→ Directions
Could you repeat the records below exactly, leaving the pictures out?

◆ ◆ ◆ ◆ ◆ ◆ ◆

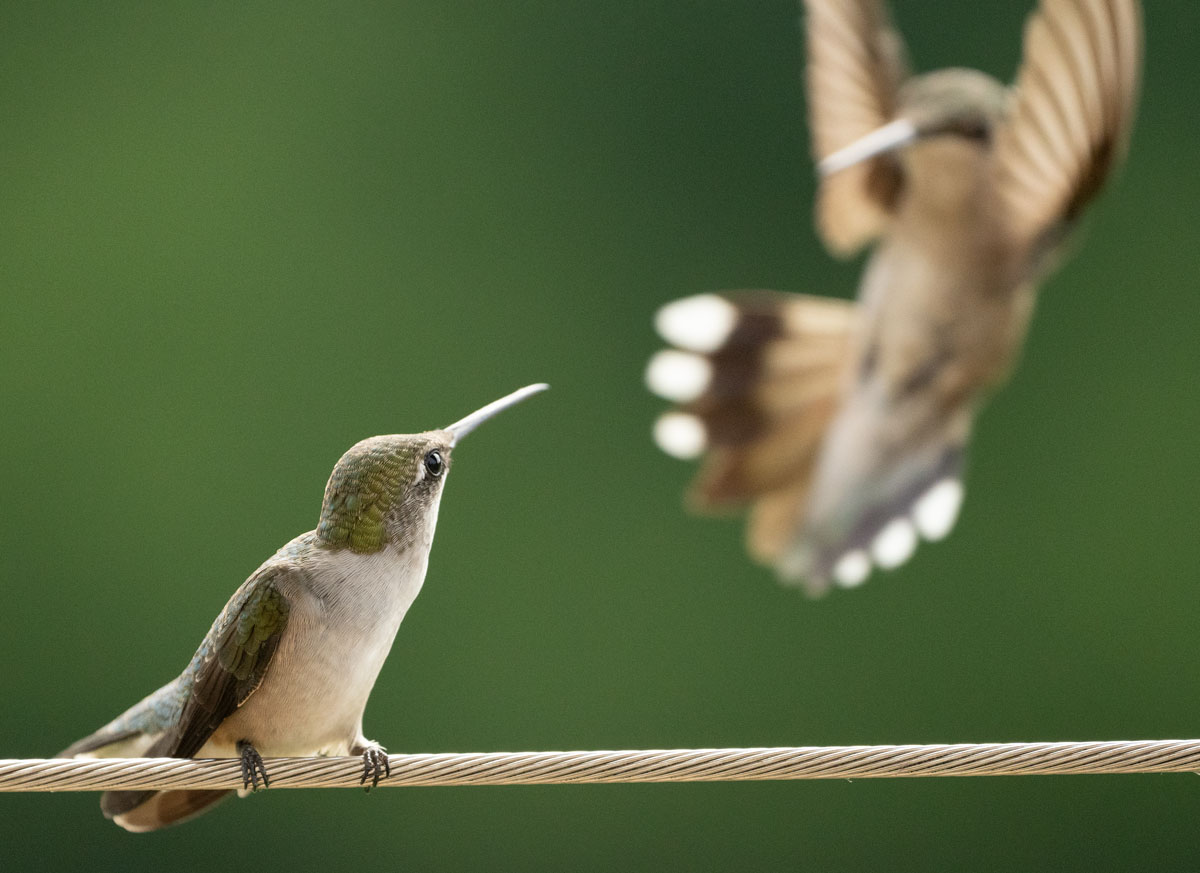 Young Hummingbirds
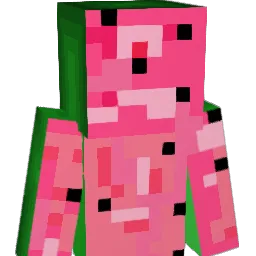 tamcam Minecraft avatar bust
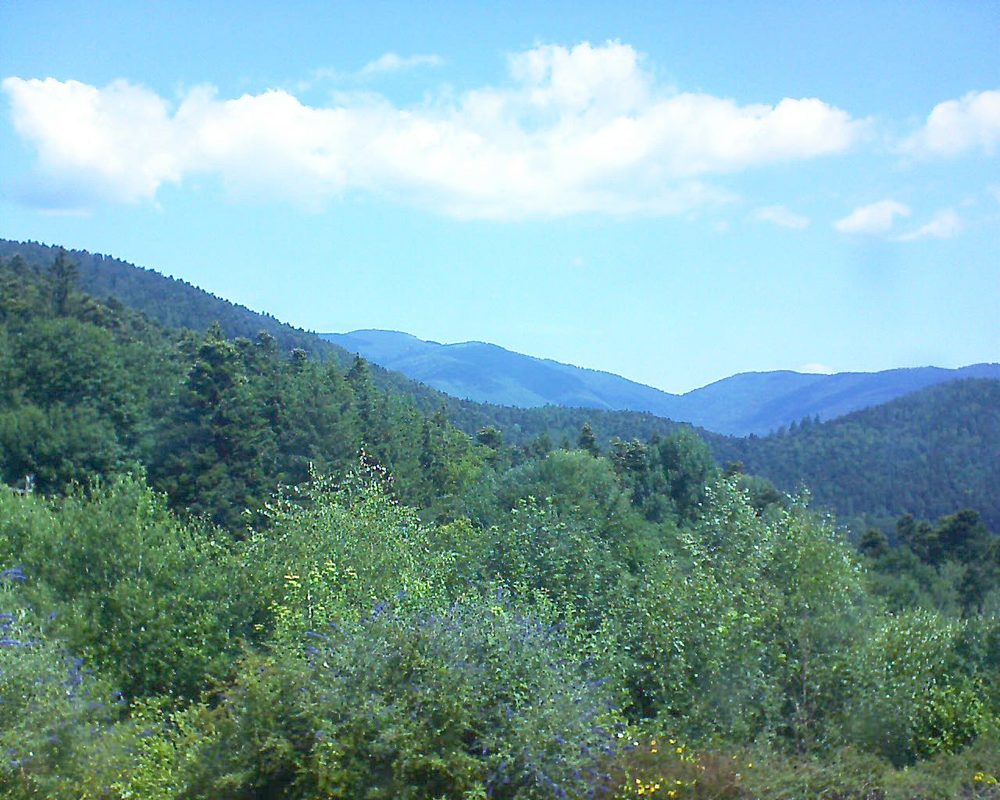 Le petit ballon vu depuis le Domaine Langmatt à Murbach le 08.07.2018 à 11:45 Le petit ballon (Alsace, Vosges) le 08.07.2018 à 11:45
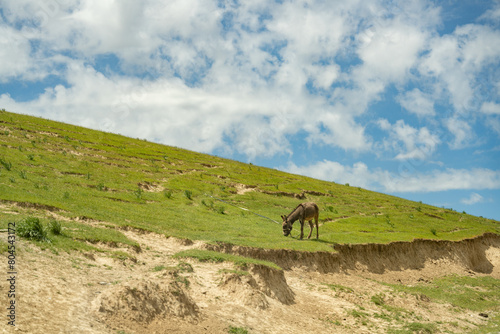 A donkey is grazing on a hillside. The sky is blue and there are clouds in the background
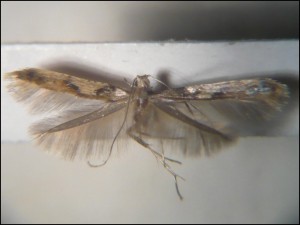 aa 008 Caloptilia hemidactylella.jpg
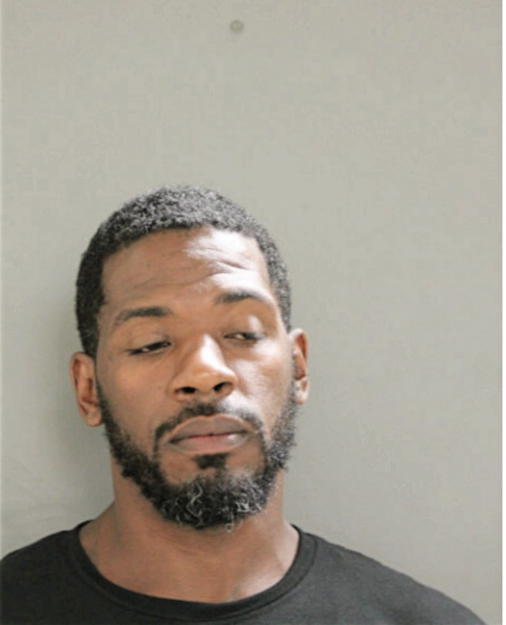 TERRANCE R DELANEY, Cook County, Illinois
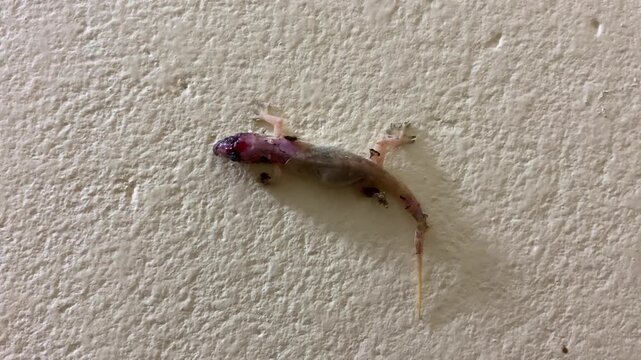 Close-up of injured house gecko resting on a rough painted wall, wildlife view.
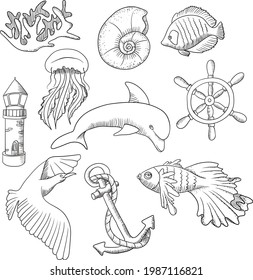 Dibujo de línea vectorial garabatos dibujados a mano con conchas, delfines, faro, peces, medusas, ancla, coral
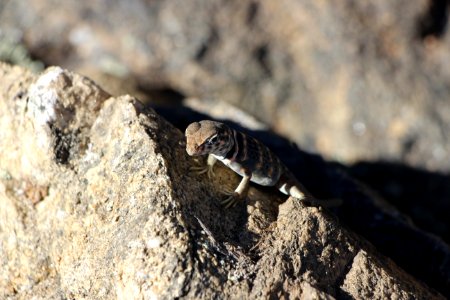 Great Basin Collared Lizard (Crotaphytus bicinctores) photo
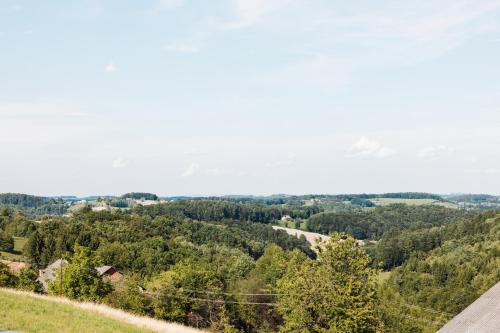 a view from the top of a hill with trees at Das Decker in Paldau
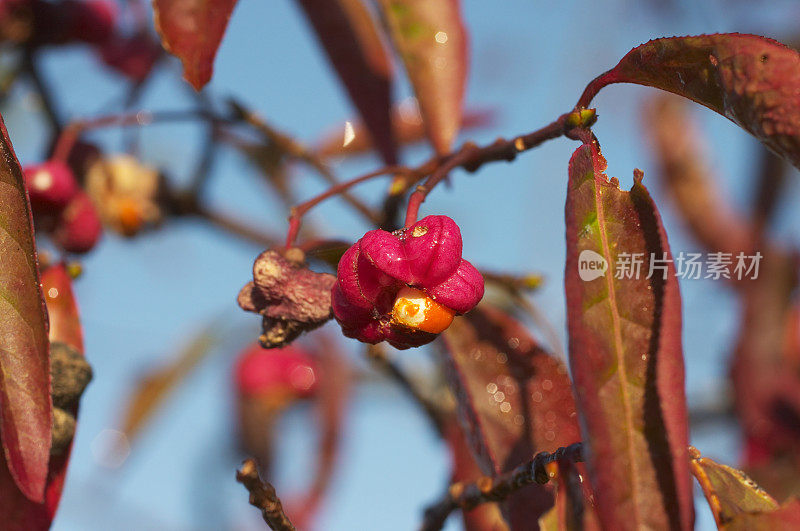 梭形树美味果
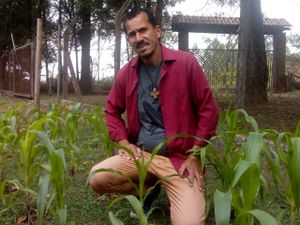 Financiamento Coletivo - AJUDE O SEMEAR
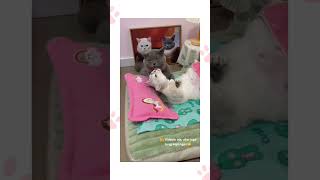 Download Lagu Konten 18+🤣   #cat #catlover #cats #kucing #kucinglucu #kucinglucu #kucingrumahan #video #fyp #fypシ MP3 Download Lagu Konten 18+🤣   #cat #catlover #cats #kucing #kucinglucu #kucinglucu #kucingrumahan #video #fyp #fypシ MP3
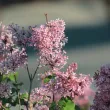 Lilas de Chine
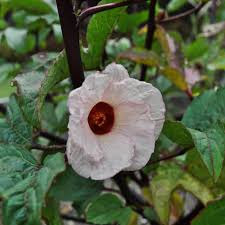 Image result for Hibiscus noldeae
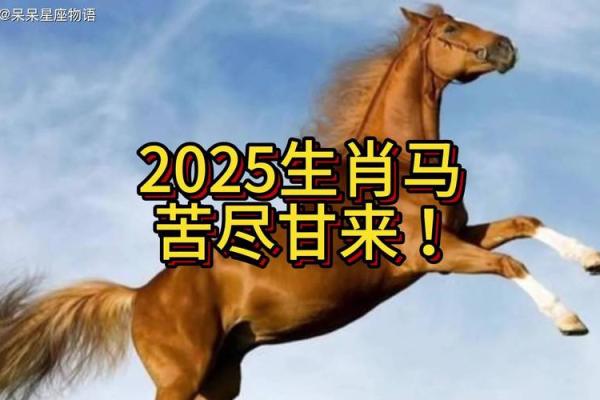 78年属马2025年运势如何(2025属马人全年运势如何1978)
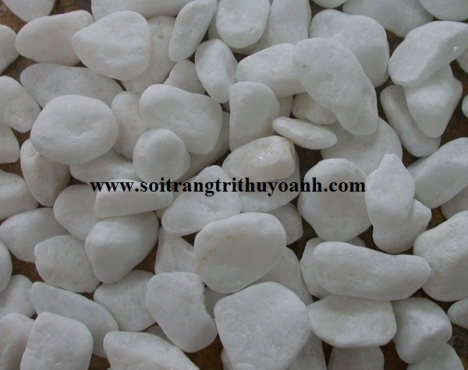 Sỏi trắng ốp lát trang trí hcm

◆ ◆ ◆ ◆ ◆ ◆ ◆

→ Written response
 Young Hummingbirds
 tamcam Minecraft avatar bust
 Le petit ballon vu depuis le Domaine Langmatt à Murbach le 08.07.2018 à 11:45 Le petit ballon (Alsace, Vosges) le 08.07.2018 à 11:45
 A donkey is grazing on a hillside. The sky is blue and there are clouds in the background
 aa 008 Caloptilia hemidactylella.jpg
 TERRANCE R DELANEY, Cook County, Illinois
 Close-up of injured house gecko resting on a rough painted wall, wildlife view.
 Dibujo de línea vectorial garabatos dibujados a mano con conchas, delfines, faro, peces, medusas, ancla, coral
 Great Basin Collared Lizard (Crotaphytus bicinctores) photo
 a view from the top of a hill with trees at Das Decker in Paldau
 梭形树美味果
 Financiamento Coletivo - AJUDE O SEMEAR
 Download Lagu Konten 18+🤣   #cat #catlover #cats #kucing #kucinglucu #kucinglucu #kucingrumahan #video #fyp #fypシ MP3 Download Lagu Konten 18+🤣   #cat #catlover #cats #kucing #kucinglucu #kucinglucu #kucingrumahan #video #fyp #fypシ MP3
 Lilas de Chine
 Image result for Hibiscus noldeae
 78年属马2025年运势如何(2025属马人全年运势如何1978)
 Sỏi trắng ốp lát trang trí hcm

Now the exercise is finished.